ACTIVITY → Beginning with the line that holds "細長い敷地形状に沿った細長い" and ending with the last line of the entries below, copy every line exactly and nothing else, with the pictures left out.
________________________
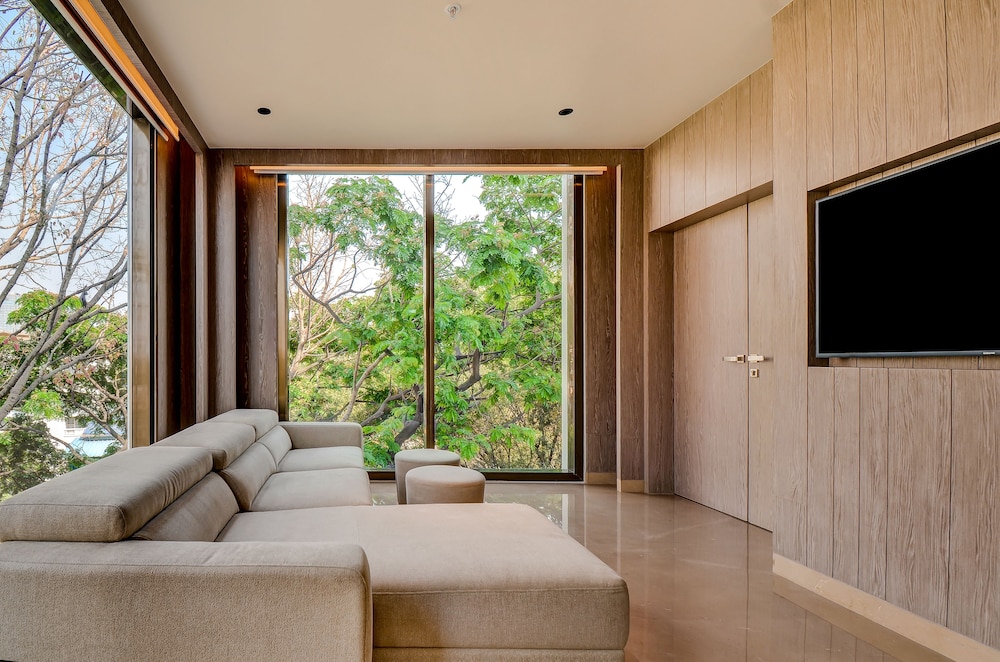 Suite, City View - Photo 3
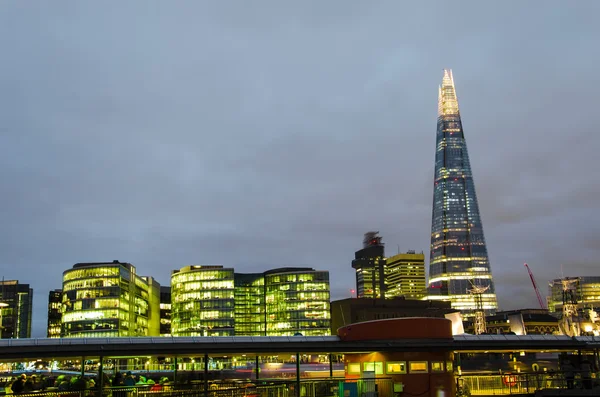 Londons silhuett och skyskrapan shard — Stockfoto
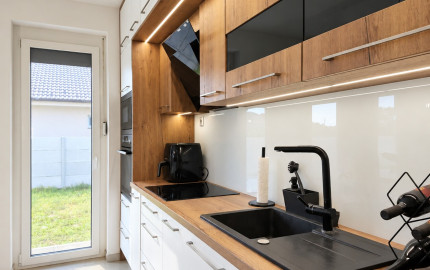 Moderný 4 izbový rodinný dom | Štýlový interiér | Krytá terasa | Dunasziget pri Rajke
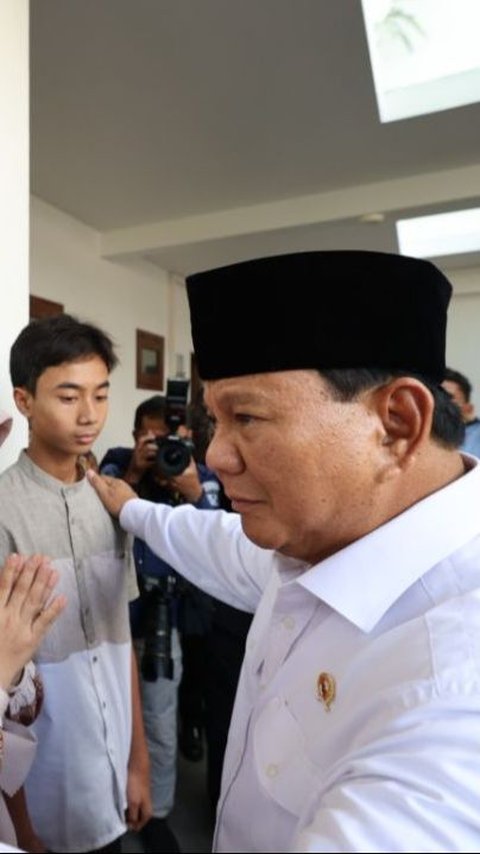 VIDEO: Prabowo Peluk & Cium Anak Korban Super Tucano AU Jatuh, Diangkat Jadi Anak Asuh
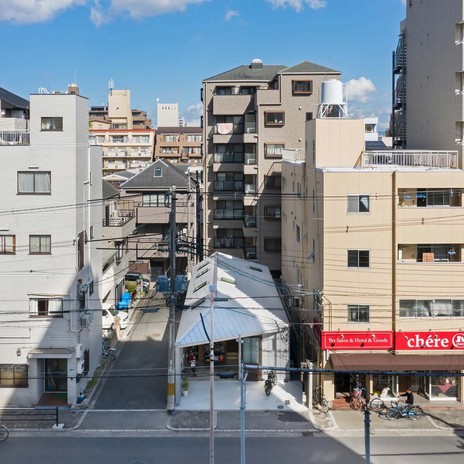 細長い敷地形状に沿った細長い平屋の中に、目的に応じた小さな部屋がぎっしり詰まった工具箱のような建物。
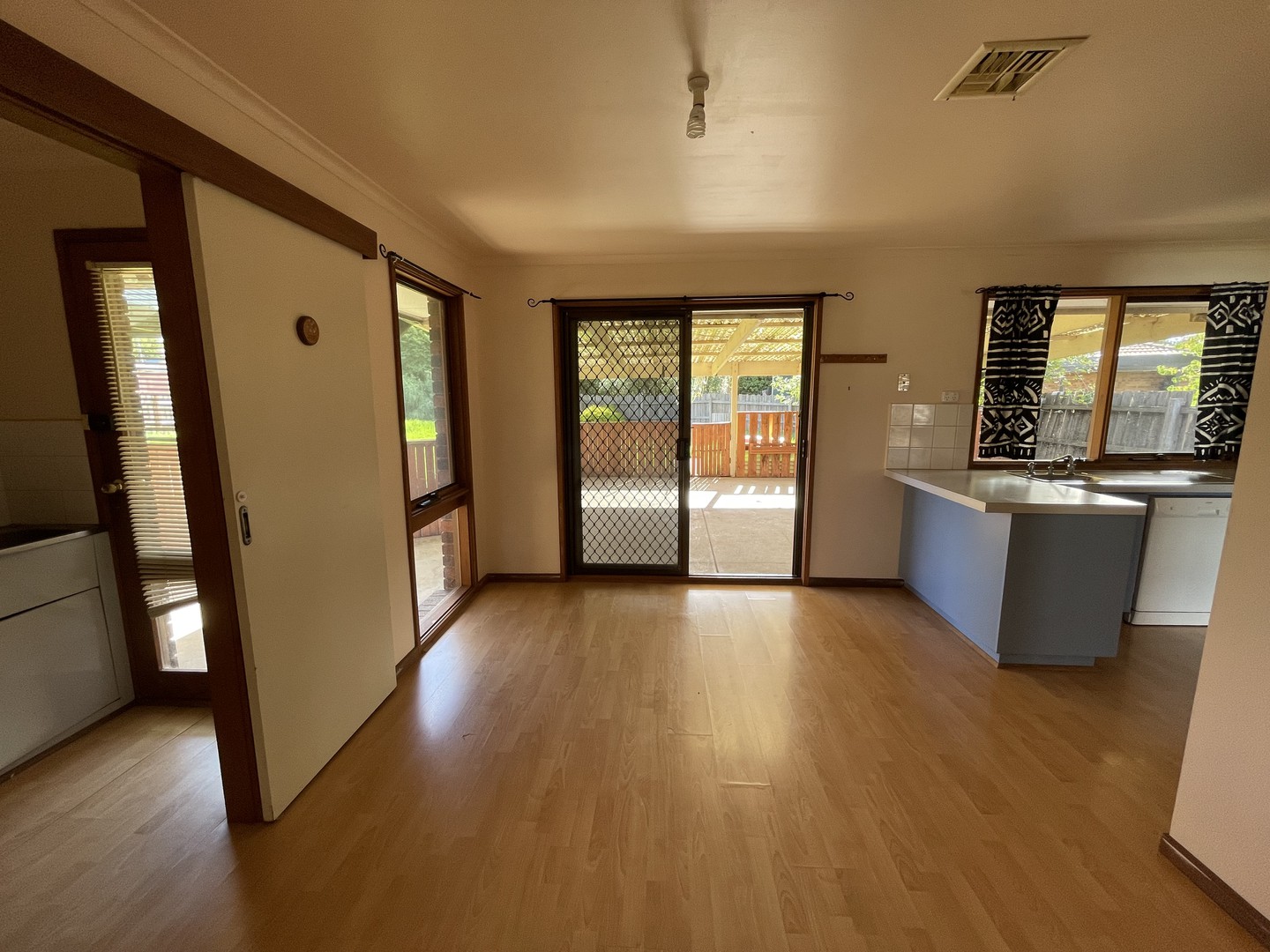 5 Lydford Court, Werribee, VIC 3030, Werribee - Thumbnail 3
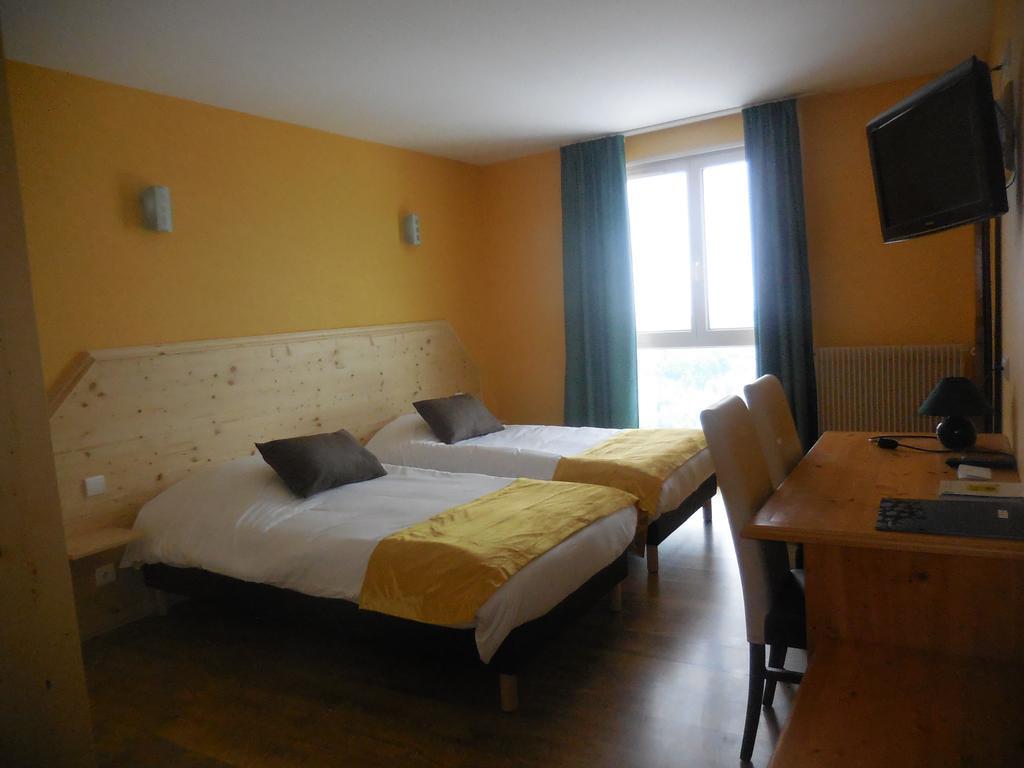 Logis Le Saint Cyr Hotel Montmelard Exterior foto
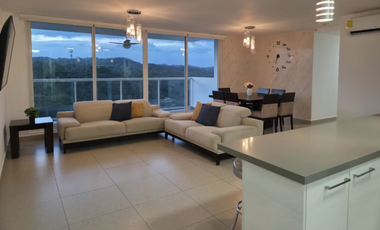 SE ALQUILA APARTAMENTO EN CLAYTON 153 M2 FULL AMOBLADO VISTA AL CANAL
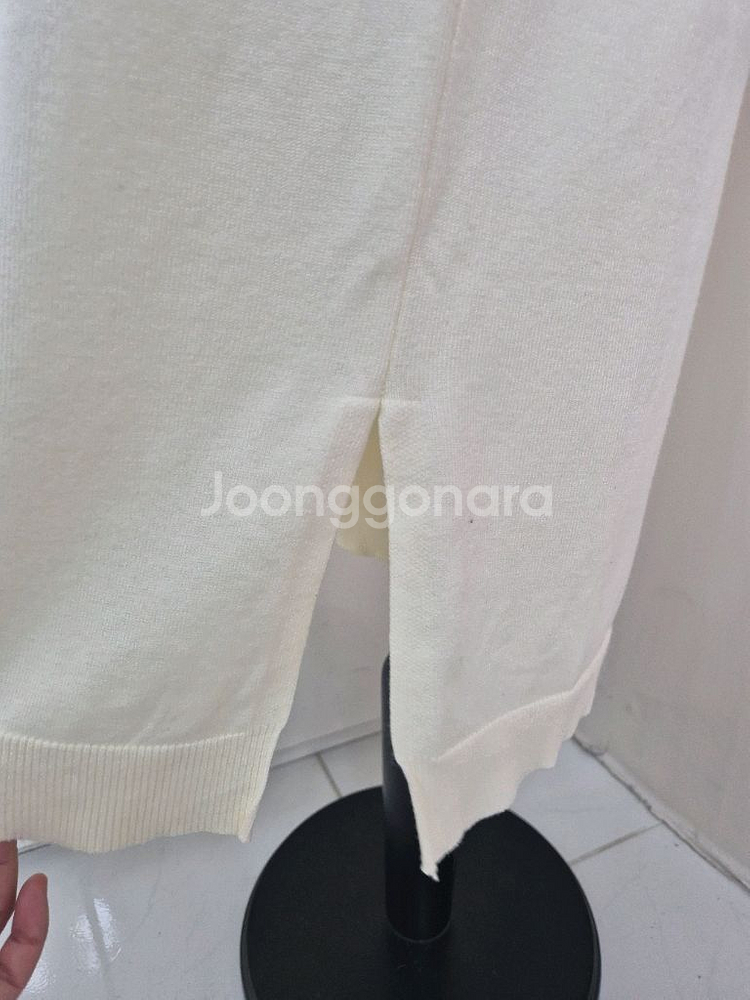 브이넥 크림 아이보리 니트 롱 원피스 (프리사이즈)--7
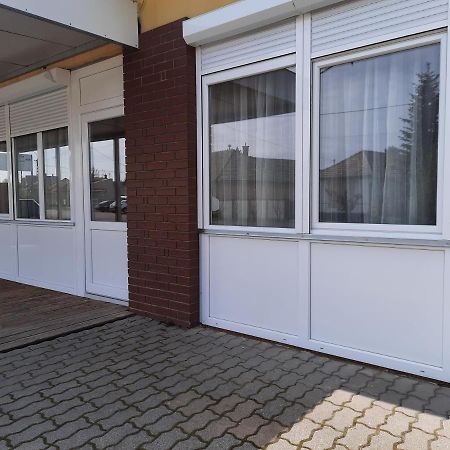 Fenyo Apartman Apartamento Nagykáta Exterior foto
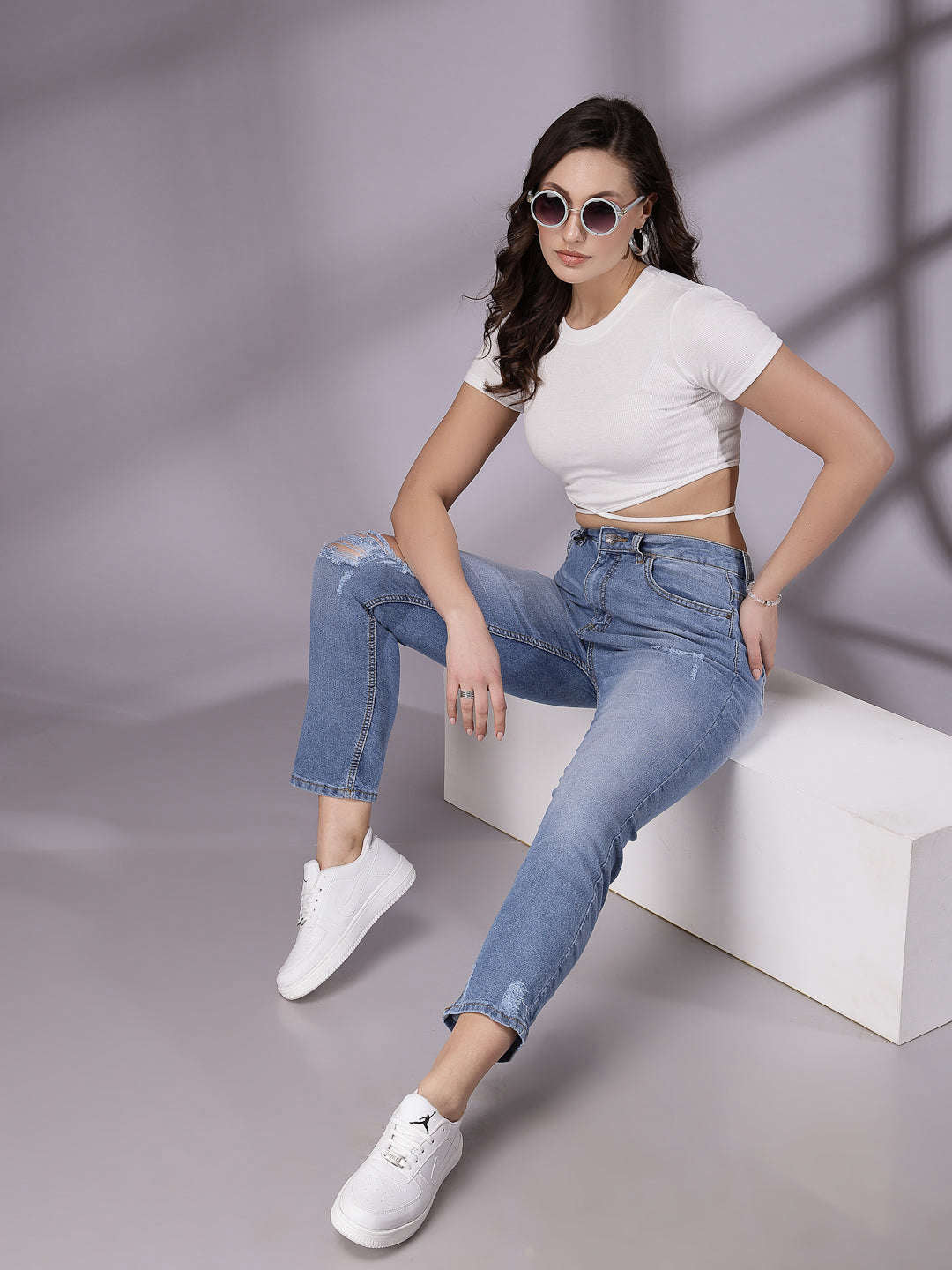 Shop Women Straight Fit Jeans Online.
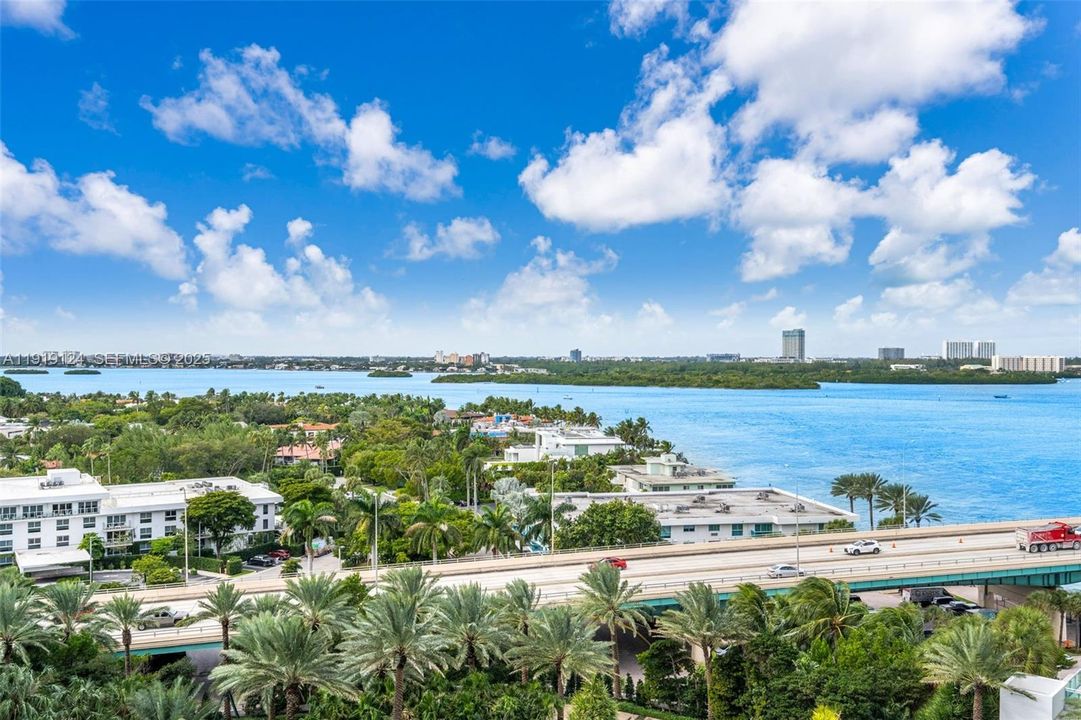 В аренду: $20,000 (2 спален, 2 ванн, 2136 Квадратных фут)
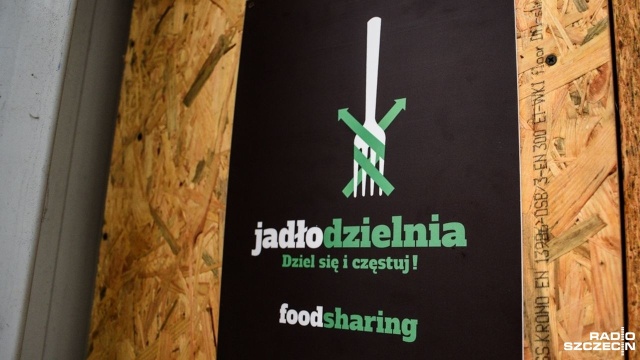Kolejna Jadłodzielnia rozpoczyna pracę w Szczecinie. Tym razem powstała na Pomorzanach. Szafka na jedzenie dla potrzebujących znajduje się u zbiegu ulic 9 Maja i Ruskiej.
________________________
PROBLEM SOLUTION →
 細長い敷地形状に沿った細長い平屋の中に、目的に応じた小さな部屋がぎっしり詰まった工具箱のような建物。
 5 Lydford Court, Werribee, VIC 3030, Werribee - Thumbnail 3
 Logis Le Saint Cyr Hotel Montmelard Exterior foto
 SE ALQUILA APARTAMENTO EN CLAYTON 153 M2 FULL AMOBLADO VISTA AL CANAL
 브이넥 크림 아이보리 니트 롱 원피스 (프리사이즈)--7
 Fenyo Apartman Apartamento Nagykáta Exterior foto
 Shop Women Straight Fit Jeans Online.
 В аренду: $20,000 (2 спален, 2 ванн, 2136 Квадратных фут)
Kolejna Jadłodzielnia rozpoczyna pracę w Szczecinie. Tym razem powstała na Pomorzanach. Szafka na jedzenie dla potrzebujących znajduje się u zbiegu ulic 9 Maja i Ruskiej.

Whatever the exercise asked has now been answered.